Chg. – This shows the change in the share price since the previous trading day.
52 Week High/Low – This column shows the highest price the share has traded at, and the lowest price it has traded at in the current year.
P/E – This commonly used ratio is calculated by dividing the current share price by the company’s earnings per share (see below note) in the most recent trading year. For example, if earnings (profits) per share are 25p and the share price is 400p, the P/E ratio is 16 (400/25).
Earnings per share (EPS) is a commonly used phrase in the financial world. Earnings per share represents a portion of a company’s profit that is allocated to one ordinary share. Therefore, if you were to multiply the EPS by the total number of ordinary shares a company has issued, you would calculate the company’s net profit.
Vol. – The volume of shares traded on the FTSE the previous day in £000s.
M. Cap. – The market capitalisation is calculated by multiplying the number of shares in issue by the share price. This column shows the sum figure in £ millions.
Div. – The amount (in pence) of the most recent dividend paid to Ordinary Shareholders.
There are two types of shareholders:
Preference Shareholders are paid a fixed dividend. However, they do not have rights on voting in AGM (Annual General Meeting). So as their name implies the preference shareholders fixed dividend takes preference over the payment of a dividend to the ordinary shareholders.
Ordinary shareholders are paid their dividend after the company has paid the preference share dividend. The shareholders of ordinary shares have the right to vote in AGMs.
Div. Cov. – The earnings per share divided by the dividend per ordinary share. So, if the earnings per share were 24p and the dividend per share was 8p,the dividend cover is 3. This tells you how many times over the amount being paid out as a dividend is covered by profits.
Yield – This shows the percentage return on the share. It is calculated by dividing the dividend by the current share price. So if a share is trading at 200p and its annual gross dividend is 15p, the dividend yield is (15/200 x 100) = 7.5%. The higher the dividend yield, the more income each Shareholder receives.

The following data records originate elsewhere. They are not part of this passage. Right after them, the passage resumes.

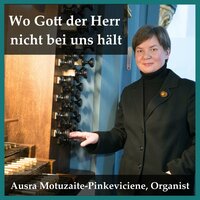 Wo Gott der Herr nicht bei uns hält - Ausra Motuzaite-Pinkeviciene & Иоганн Кристоф Бах
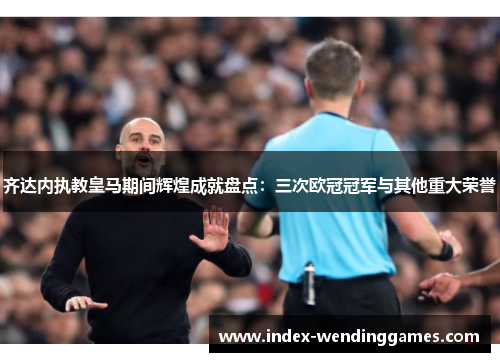 齐达内执教皇马期间辉煌成就盘点：三次欧冠冠军与其他重大荣誉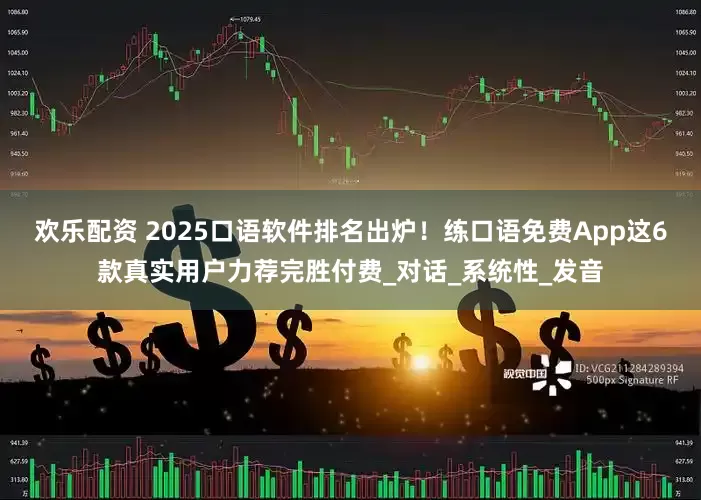 欢乐配资 2025口语软件排名出炉！练口语免费App这6款真实用户力荐完胜付费_对话_系统性_发音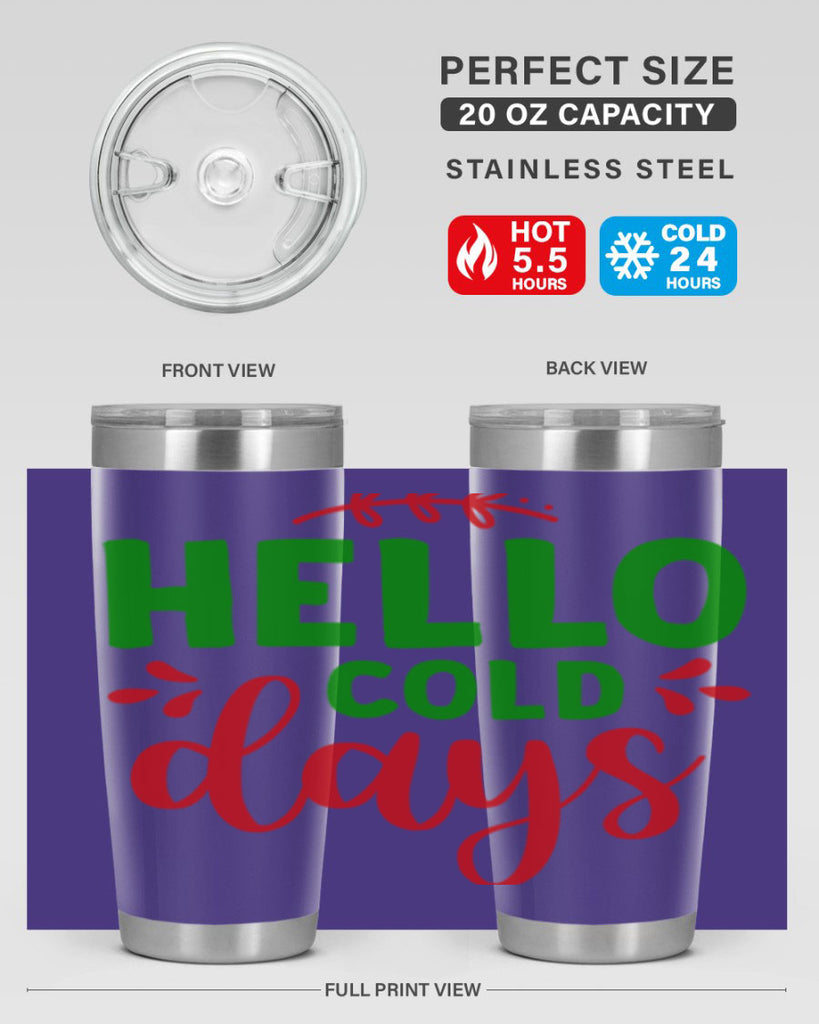 Hello Cold Days 151#- winter- Tumbler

So, data quoted could look as follows:
FTSE 100 Index:
We often hear about this on the News etc but what exactly is it?
The FTSE 100 Index, also called FTSE 100, FTSE, or, informally, the “footsie” is a share index of the 100 companies (sometimes called ‘Blue Chip companies) listed on the London Stock Exchange with the highest market capitalization. It is one of the most widely used stock indices and is seen as a gauge of business prosperity. The index is maintained by the FTSE Group, a subsidiary of the London Stock Exange Group.
The index began on 3 January 1984 at the base level of 1000. The highest value reached to date is 6950.6, on 30 December 1999. After falling during the financial crisis of 2007-2010 to below 3500 in March 2009, the index recovered to a peak of 6091.33 on 8 February 2011.
It currently stands at around 6,620.
I hope IAB readers have found this informative.